**Prompt**
Images do not belong in the copy. Set down all the entries exactly.

(Source records)
-*-
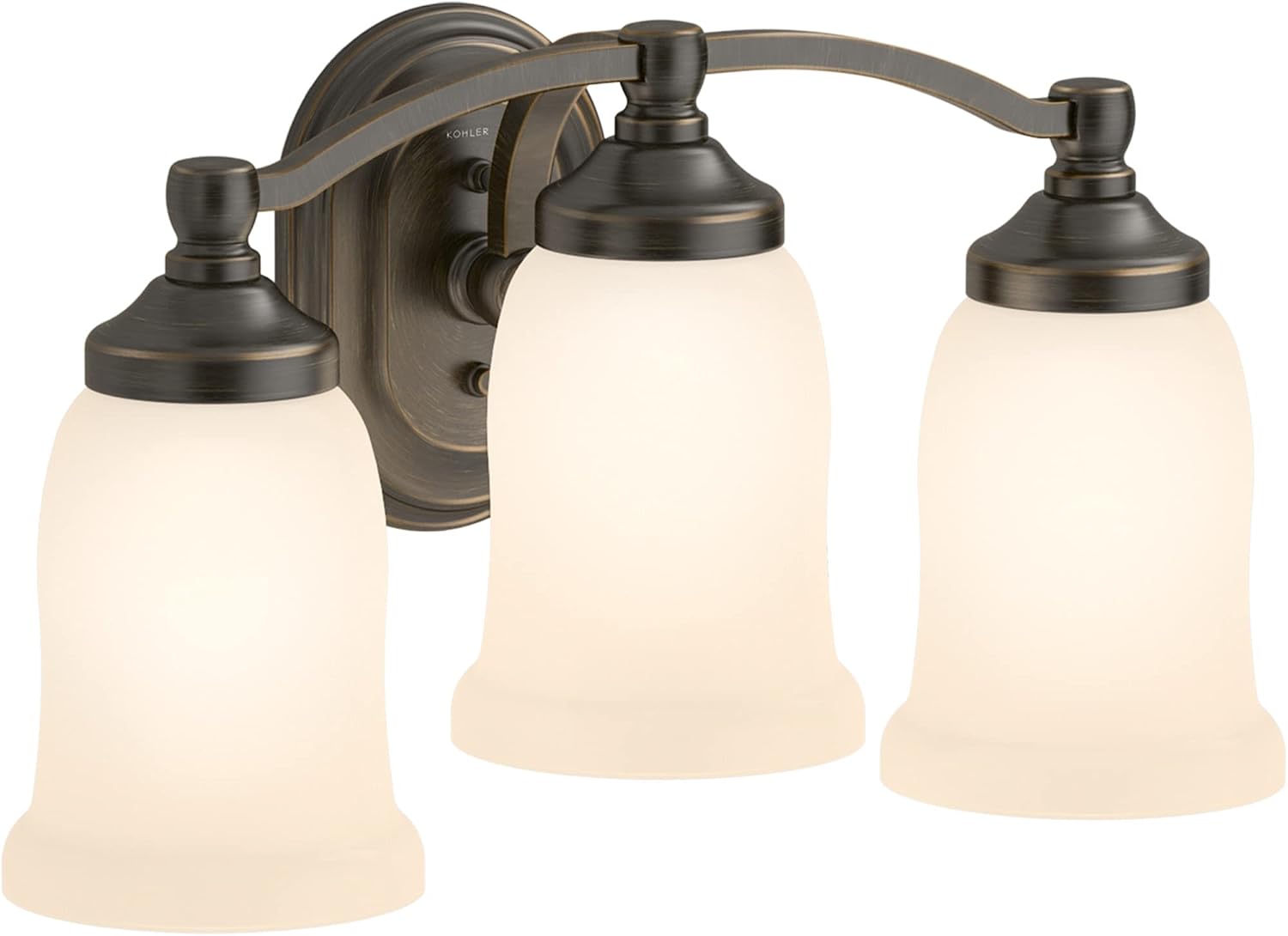 Kohler 11423-BZL Bancroft Bathroom Vanity Fixture, Wall Sconce Lighting, Position Facing Up or Down, UL Listed, 3, Oil-Rubbed Bronze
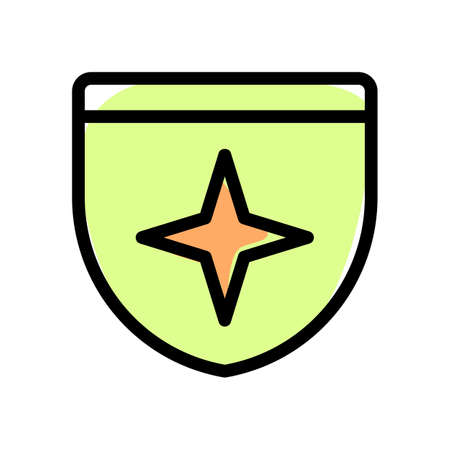 Star cross service medal awarded for gallantry in action against an enemyのイラスト素材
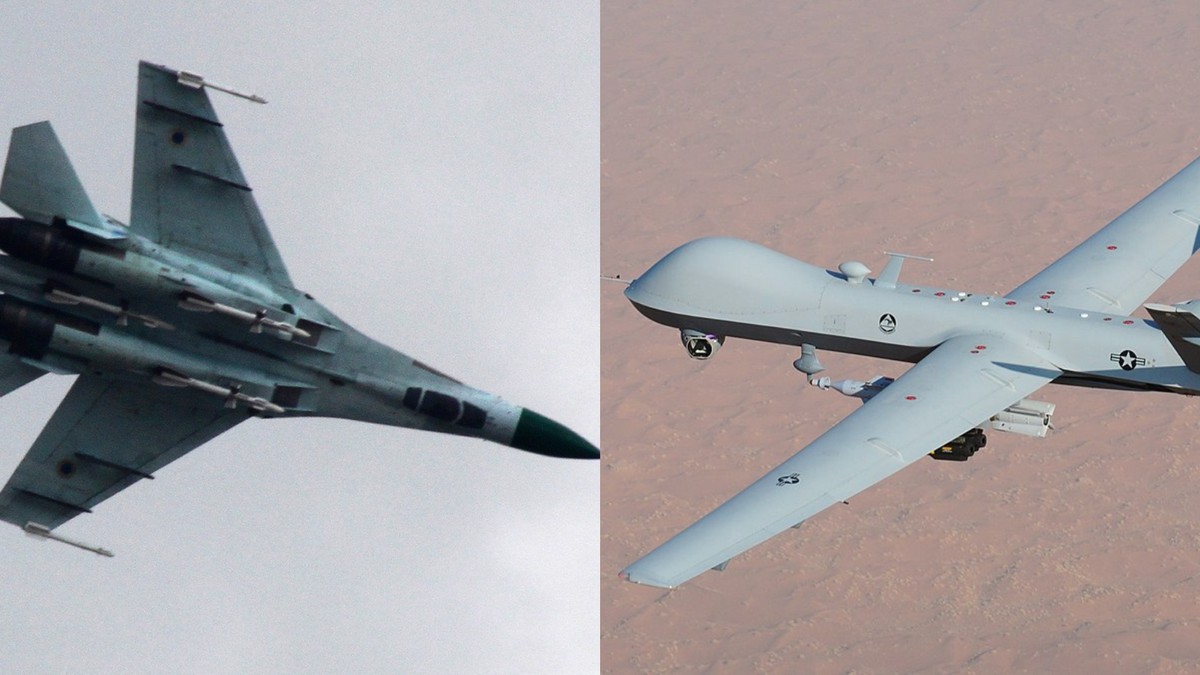 Des avions de chasse russes ont abattu un drone de l’US Air Force près de l’Ukraine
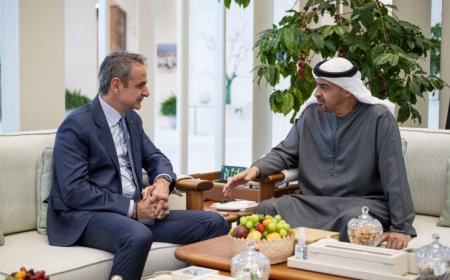 الإمارات واليونان تعززان التعاون لمناقشة مستجدات الأوضاع الإقليمية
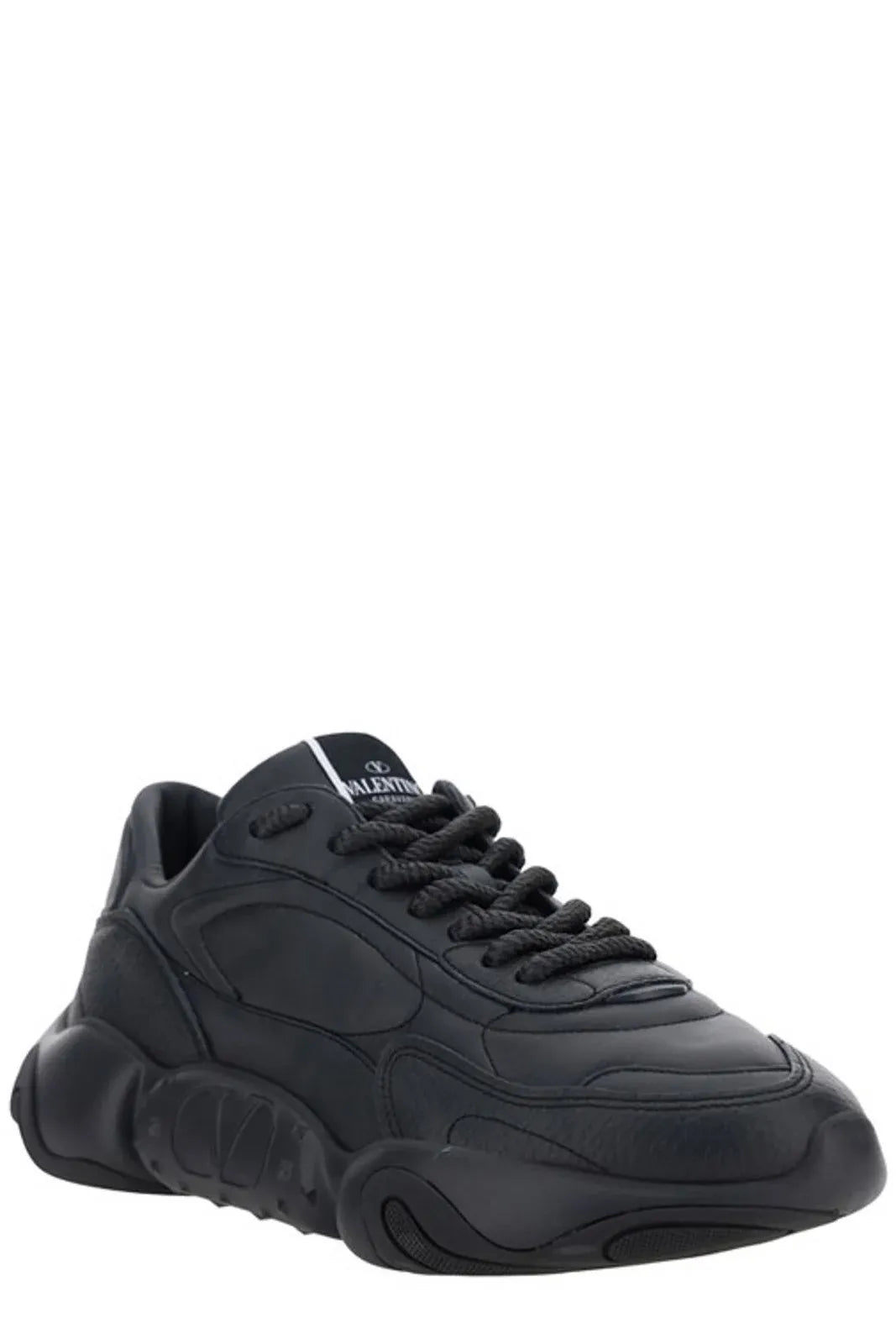 Seymayka-Valentino Black Calf Leather Garavani Sneakers – SEYMAYKA Seymayka-Valentino Black Calf Leather Garavani Sneakers – SEYMAYKA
-*-
**Written answer**
 Kohler 11423-BZL Bancroft Bathroom Vanity Fixture, Wall Sconce Lighting, Position Facing Up or Down, UL Listed, 3, Oil-Rubbed Bronze
 Star cross service medal awarded for gallantry in action against an enemyのイラスト素材
 Des avions de chasse russes ont abattu un drone de l’US Air Force près de l’Ukraine
 الإمارات واليونان تعززان التعاون لمناقشة مستجدات الأوضاع الإقليمية
 Seymayka-Valentino Black Calf Leather Garavani Sneakers – SEYMAYKA Seymayka-Valentino Black Calf Leather Garavani Sneakers – SEYMAYKA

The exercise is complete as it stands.